_Action item_.
Each record below needs to be reproduced precisely, though not its pictures.

***

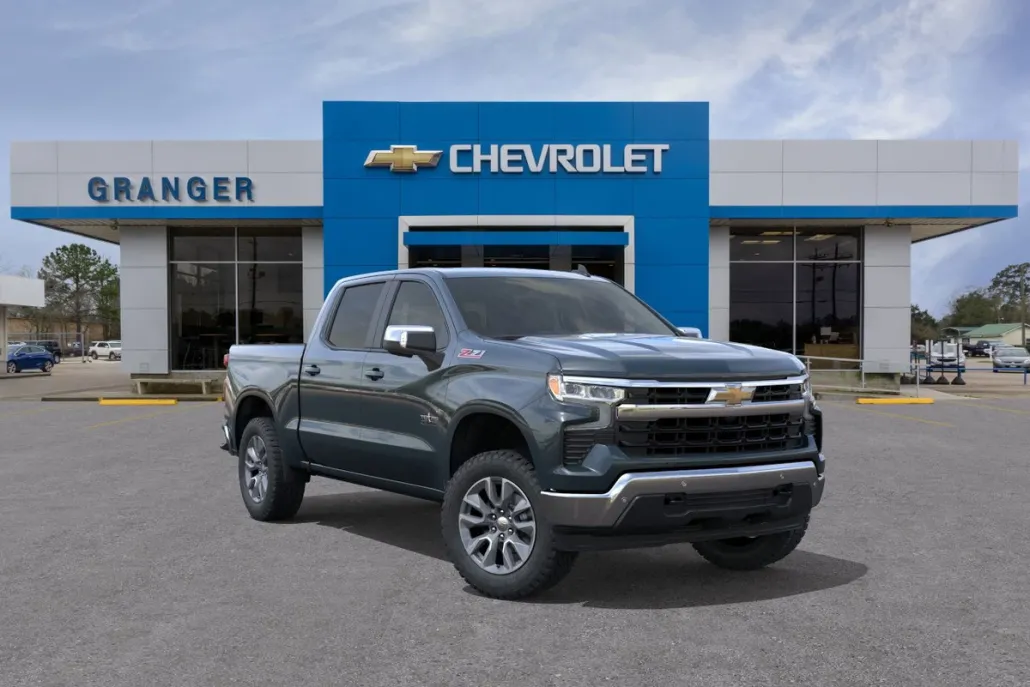 2026 Chevrolet Silverado 1500 LT Texas Edition photo 1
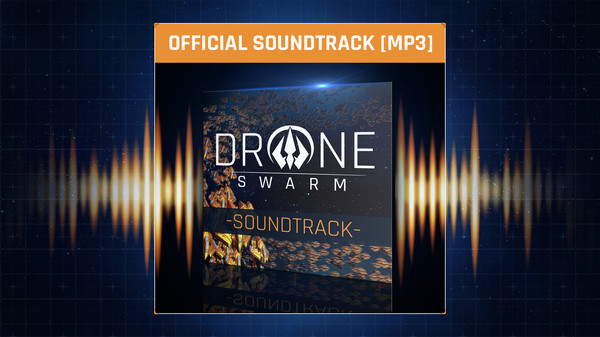 Скриншот из Drone Swarm - Deluxe Upgrade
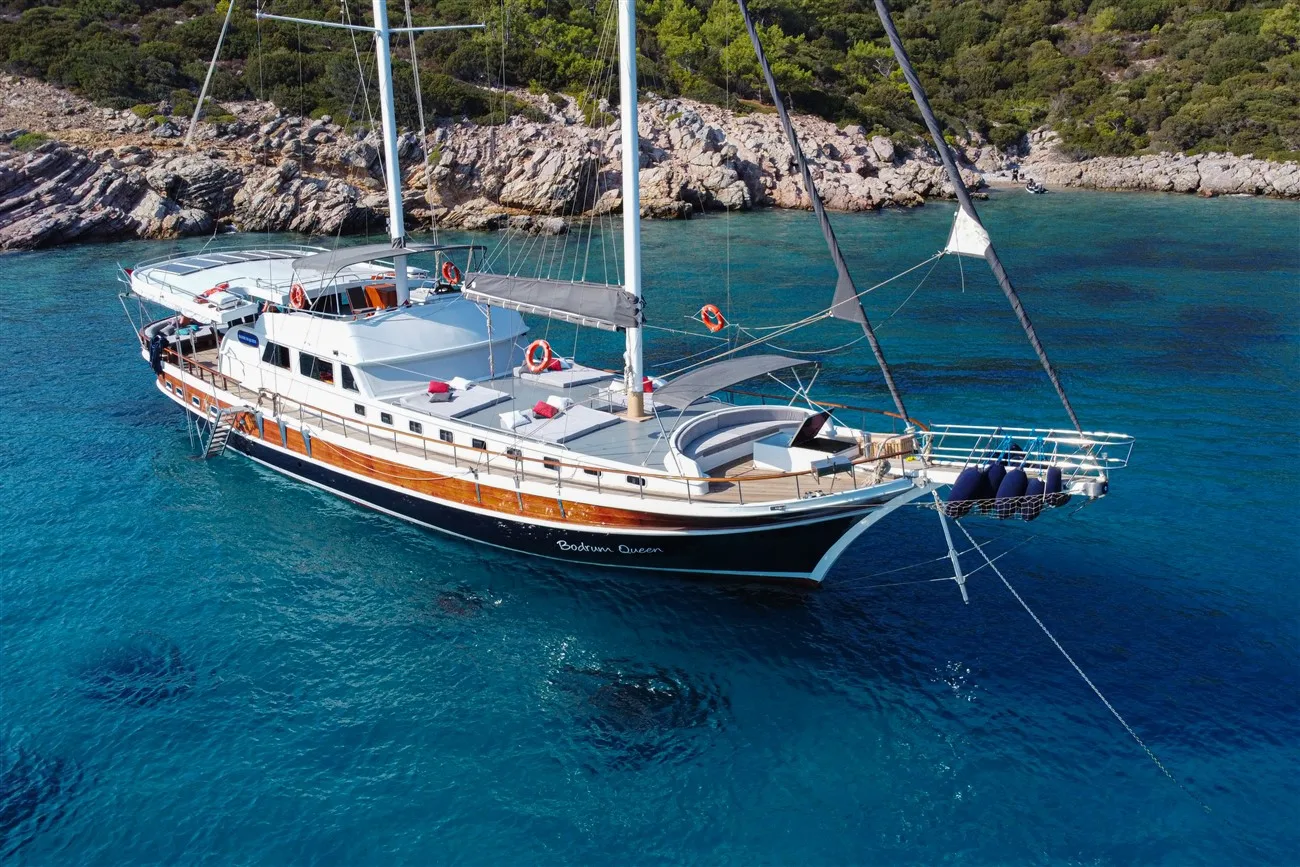 Bodrum Queen Gulet — photo 8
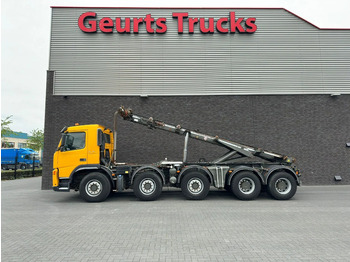 Kamion s kabelskim sustavom TERBERG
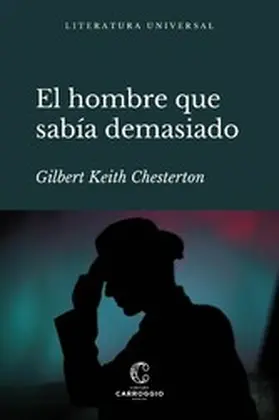 Chesterton | El hombre que sabía demasiado | E-Book | www2.sack.de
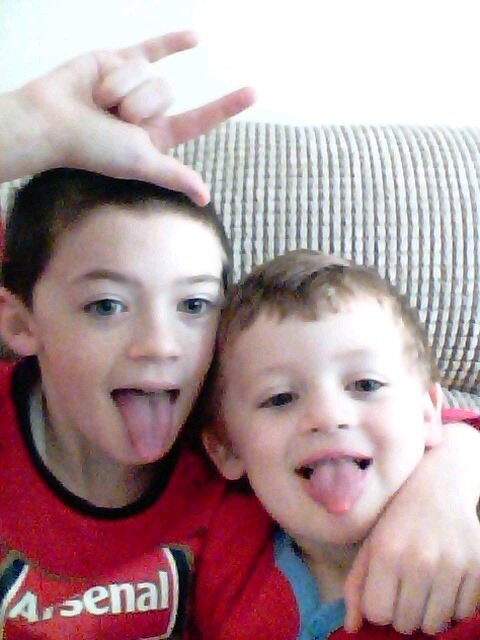 Hey guys,my name is James,i am a huge fan of the WWE & Arsenal Football Club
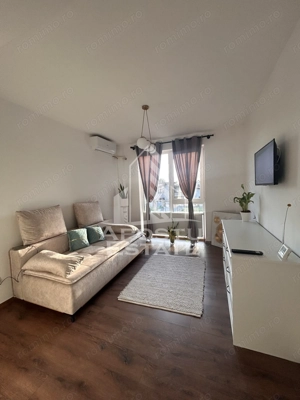 Apartament 1 camera, centrala proprie, Giroc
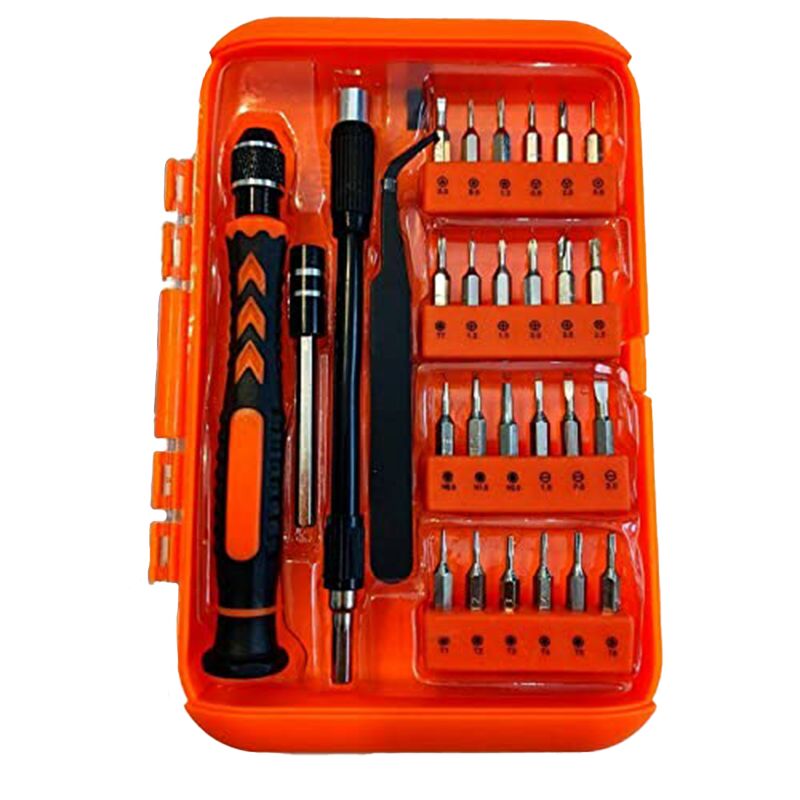 28 in 1 repair tool kit magnetic watch mobile precision screwdriver set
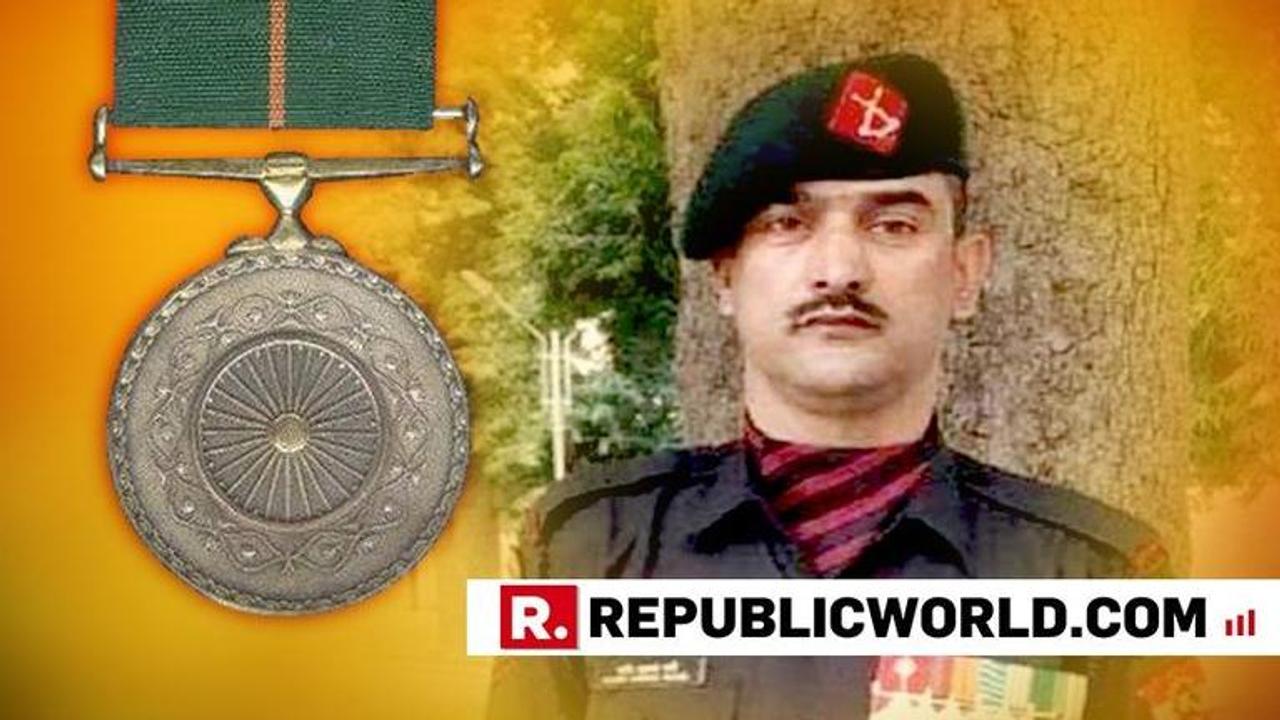 Martyr Lance Naik Nazir Ahmad Wani becomes Kashmir's first awardee of Ashok Chakra - Nation's highest peacetime gallantry award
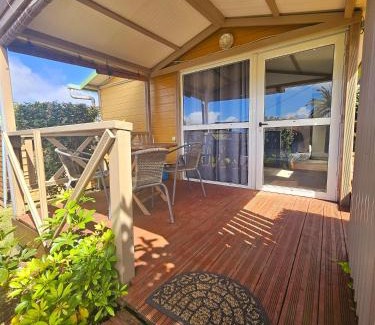 Petite-Ile Casa | Les bungalows du chateau d'Ô
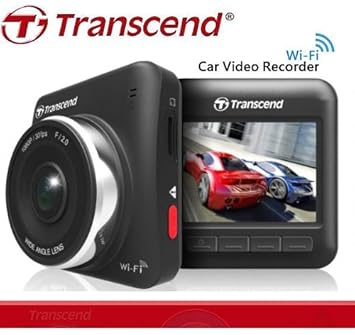トランセンドのDrivePro200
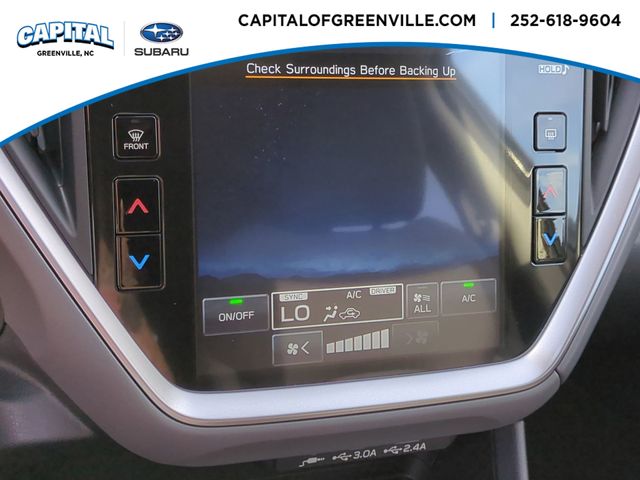 2025 Subaru Crosstrek Premium photo 22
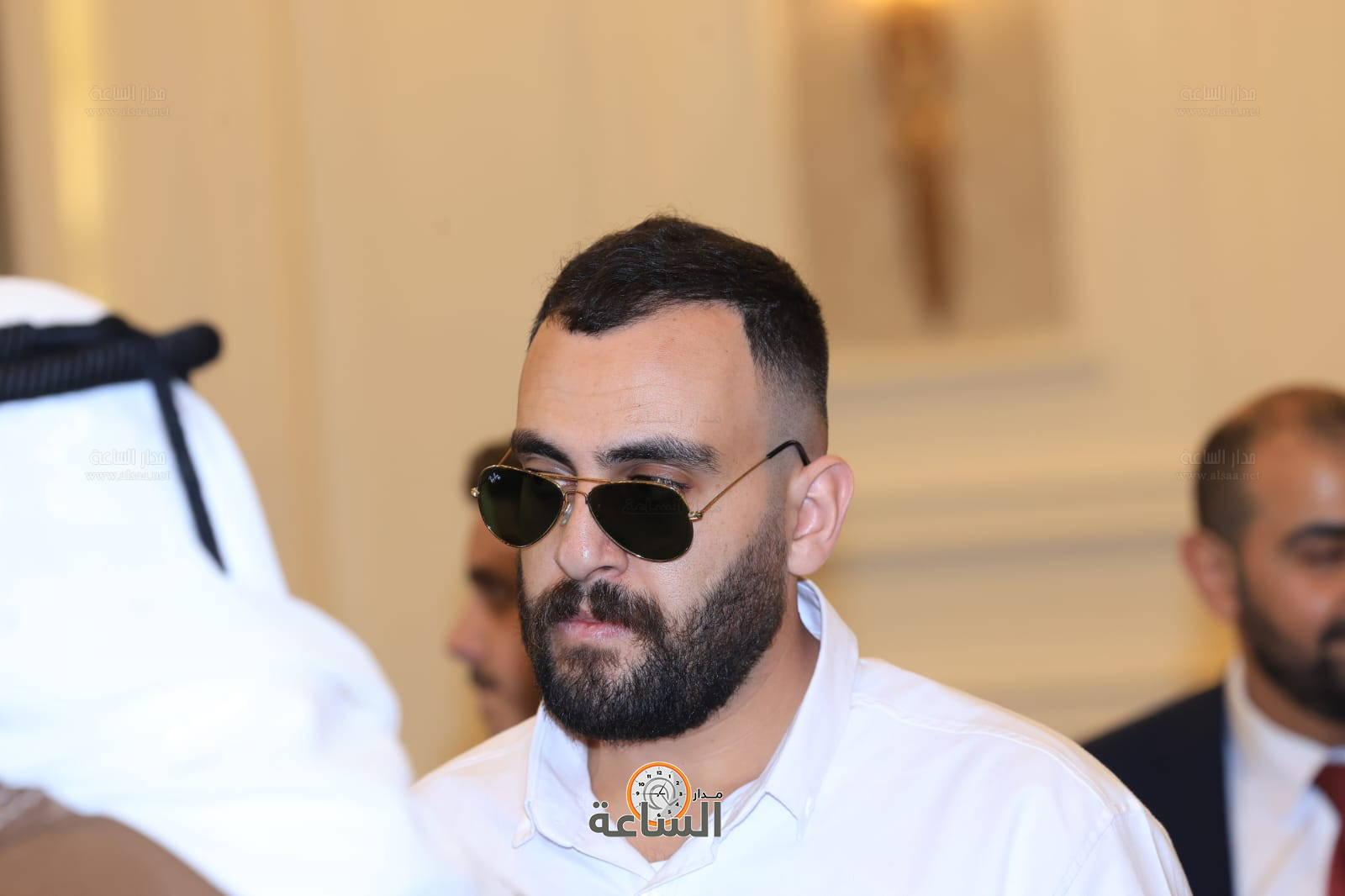 Madar Al-Saa Images 0.3872913557340478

***

_Solved exercise_.
 2026 Chevrolet Silverado 1500 LT Texas Edition photo 1
 Скриншот из Drone Swarm - Deluxe Upgrade
 Bodrum Queen Gulet — photo 8
 Kamion s kabelskim sustavom TERBERG
 Chesterton | El hombre que sabía demasiado | E-Book | www2.sack.de
 Hey guys,my name is James,i am a huge fan of the WWE & Arsenal Football Club
 Apartament 1 camera, centrala proprie, Giroc
 28 in 1 repair tool kit magnetic watch mobile precision screwdriver set
 Martyr Lance Naik Nazir Ahmad Wani becomes Kashmir's first awardee of Ashok Chakra - Nation's highest peacetime gallantry award
 Petite-Ile Casa | Les bungalows du chateau d'Ô
トランセンドのDrivePro200
 2025 Subaru Crosstrek Premium photo 22
 Madar Al-Saa Images 0.3872913557340478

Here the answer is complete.